- **Work instruction**
Reproduce, word for word, all of the records; the pictures stay out.

--- Supplied data ---

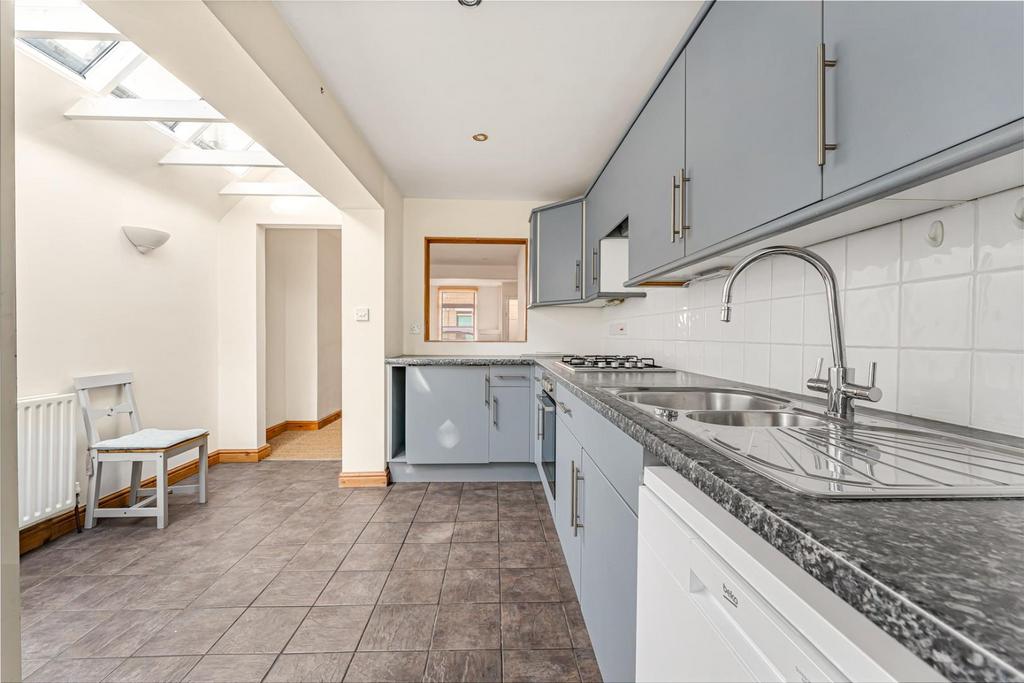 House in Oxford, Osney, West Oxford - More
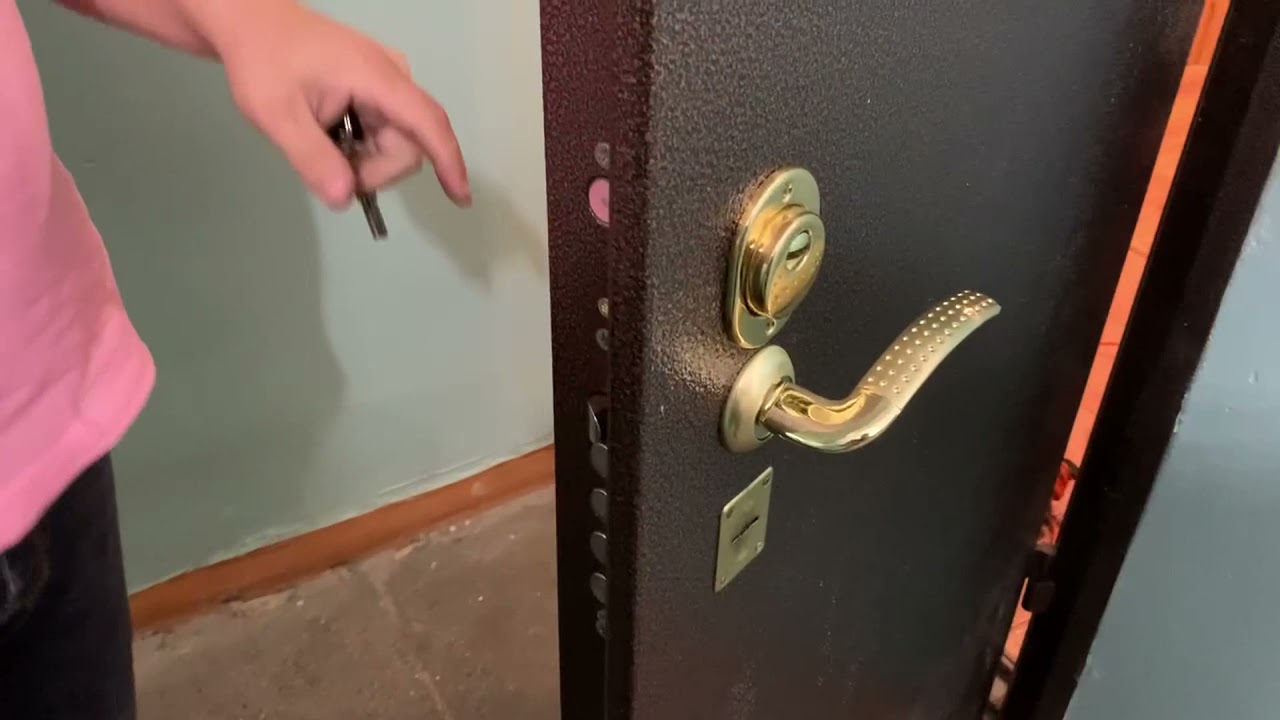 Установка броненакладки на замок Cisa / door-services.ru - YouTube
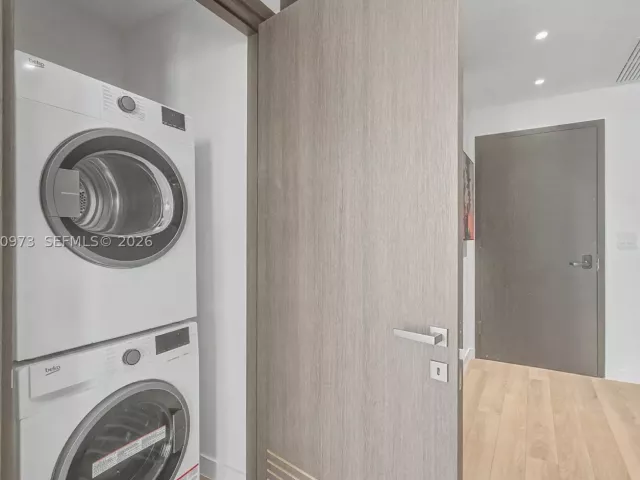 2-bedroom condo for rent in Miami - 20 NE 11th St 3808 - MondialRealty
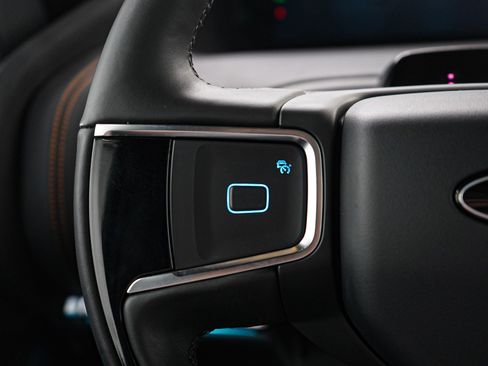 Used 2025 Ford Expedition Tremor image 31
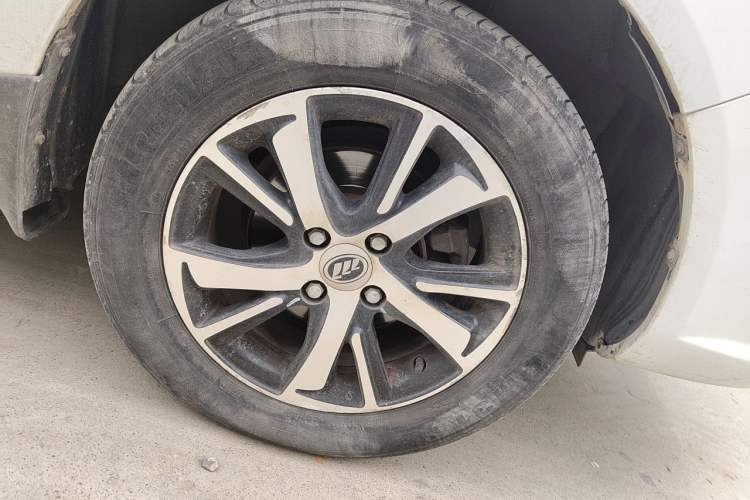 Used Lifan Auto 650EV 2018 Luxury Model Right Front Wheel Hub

---

- **Task output**
 House in Oxford, Osney, West Oxford - More
 Установка броненакладки на замок Cisa / door-services.ru - YouTube
 2-bedroom condo for rent in Miami - 20 NE 11th St 3808 - MondialRealty
 Used 2025 Ford Expedition Tremor image 31
 Used Lifan Auto 650EV 2018 Luxury Model Right Front Wheel Hub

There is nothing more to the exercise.